AFSCME also argues that closing Tamms would exacerbate overcrowding in other prisons. There's no denying that overcrowding in Illinois prisons is dire and does require attention, but given that there were only 181 inmates held at the Tamms Supermax as of March, keeping this particular prison open is hardly a meaningful solution. Meanwhile, a Washington State pilot study shows that doing time in a supermax predicts a greater likelihood of recidivism due to violent crime. If anything, supermax prisons like Tamms contribute to overcrowding over the long haul.

When all else fails, union leaders and local politicians resort to "worst of the worst" rhetoric, highlighting the serious crimes of which many Tamms inmates have been convicted in order to justify their inhumane treatment. Yes, there surely are murderers and rapists at Tamms, as well as gang leaders, but violent criminals and gang leaders are present in maximum-security prisons across the state, and there has been no firm rule as to who gets placed in isolation. Indeed, due process has been conspicuously lacking at Tamms; some inmates were placed there arbitrarily or in retaliation for registering complaints.

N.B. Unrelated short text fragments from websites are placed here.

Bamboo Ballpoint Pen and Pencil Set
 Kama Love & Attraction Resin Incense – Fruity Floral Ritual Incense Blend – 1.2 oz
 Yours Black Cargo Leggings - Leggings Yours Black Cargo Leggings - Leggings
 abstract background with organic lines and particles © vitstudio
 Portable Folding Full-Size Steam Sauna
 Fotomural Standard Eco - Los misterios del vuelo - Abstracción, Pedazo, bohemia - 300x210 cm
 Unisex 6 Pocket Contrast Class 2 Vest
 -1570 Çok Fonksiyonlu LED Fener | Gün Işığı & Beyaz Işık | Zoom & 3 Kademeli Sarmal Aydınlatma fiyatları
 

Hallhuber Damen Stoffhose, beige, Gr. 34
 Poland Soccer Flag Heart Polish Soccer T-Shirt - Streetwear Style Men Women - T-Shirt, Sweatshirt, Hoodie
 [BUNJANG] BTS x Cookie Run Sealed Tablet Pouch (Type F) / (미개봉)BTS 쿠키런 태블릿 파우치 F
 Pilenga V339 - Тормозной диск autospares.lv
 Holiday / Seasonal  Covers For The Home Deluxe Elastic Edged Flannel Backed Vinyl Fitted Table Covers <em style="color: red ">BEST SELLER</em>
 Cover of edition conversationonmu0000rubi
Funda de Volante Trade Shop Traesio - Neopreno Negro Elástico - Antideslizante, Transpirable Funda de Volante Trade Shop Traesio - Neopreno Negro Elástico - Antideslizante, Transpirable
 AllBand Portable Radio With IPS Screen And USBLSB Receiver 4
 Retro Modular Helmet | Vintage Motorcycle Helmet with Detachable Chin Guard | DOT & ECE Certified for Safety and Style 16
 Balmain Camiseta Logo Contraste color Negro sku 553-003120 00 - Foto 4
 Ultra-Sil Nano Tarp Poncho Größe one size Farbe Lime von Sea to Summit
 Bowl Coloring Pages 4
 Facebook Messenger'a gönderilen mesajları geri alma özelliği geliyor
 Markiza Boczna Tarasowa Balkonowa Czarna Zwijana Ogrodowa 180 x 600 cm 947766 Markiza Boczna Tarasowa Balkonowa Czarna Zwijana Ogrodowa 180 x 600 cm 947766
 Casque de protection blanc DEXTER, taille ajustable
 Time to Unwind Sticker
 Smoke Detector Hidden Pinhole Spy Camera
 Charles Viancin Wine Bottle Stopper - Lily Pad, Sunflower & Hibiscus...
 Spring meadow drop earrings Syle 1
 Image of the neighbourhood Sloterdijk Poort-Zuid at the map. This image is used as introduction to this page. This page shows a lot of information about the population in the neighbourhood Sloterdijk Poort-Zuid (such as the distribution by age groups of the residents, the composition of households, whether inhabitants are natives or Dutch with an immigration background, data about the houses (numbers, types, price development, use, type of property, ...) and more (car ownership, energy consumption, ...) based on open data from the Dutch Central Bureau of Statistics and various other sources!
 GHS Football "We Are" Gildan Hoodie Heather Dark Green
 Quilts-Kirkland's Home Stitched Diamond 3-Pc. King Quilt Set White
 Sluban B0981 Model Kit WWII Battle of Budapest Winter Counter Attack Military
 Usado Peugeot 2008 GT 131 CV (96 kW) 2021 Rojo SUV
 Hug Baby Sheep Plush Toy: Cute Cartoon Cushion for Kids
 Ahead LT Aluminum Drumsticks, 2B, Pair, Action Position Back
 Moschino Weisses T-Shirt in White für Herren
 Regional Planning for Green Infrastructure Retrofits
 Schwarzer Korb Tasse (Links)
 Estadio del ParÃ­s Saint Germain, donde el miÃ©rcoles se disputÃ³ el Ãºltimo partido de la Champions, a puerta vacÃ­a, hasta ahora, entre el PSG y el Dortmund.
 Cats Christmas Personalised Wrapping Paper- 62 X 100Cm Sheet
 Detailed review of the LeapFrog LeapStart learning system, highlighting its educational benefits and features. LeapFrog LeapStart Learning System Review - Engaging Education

While parading Tamms's least sympathetic prisoners in front of the press, Southern Illinois politicians fail to mention men like Darrell Cannon and Andre Davis, each of whom spent years in isolation at the prison as a result of wrongful convictions. They also fail to mention the dozens of mentally ill inmates other prisons routinely warehouse at Tamms. After the John Howard Association, a nonpartisan prison watchdog group, visited Tamms this spring, they reported:

We found multiple instances of inmates decompensating mentally and physically and engaging in acts of auto-aggression and self-mutilation. We found seriously mentally ill inmates housed in long-term isolation convicted of lower-level offenses who would be more accurately described as the "sickest of the sick" rather than the "worst of the worst."

Clearly, Tamms's backers are making convenient omissions in their frenzy to protect jobs. These omissions, however, have serious ramifications for hundreds of men's lives.

Our justice system should not rely on solitary confinement for safety -- it is cruel, ineffective, and expensive to continue defending the supermax model. AFSCME and state legislators need to reassess their priorities, and so do the rest of us. Has a weak economy so compromised our integrity that as a society we will choose to spend tens of millions of public dollars to perpetuate the use of torture?

The answer, I hope, is a resounding "No."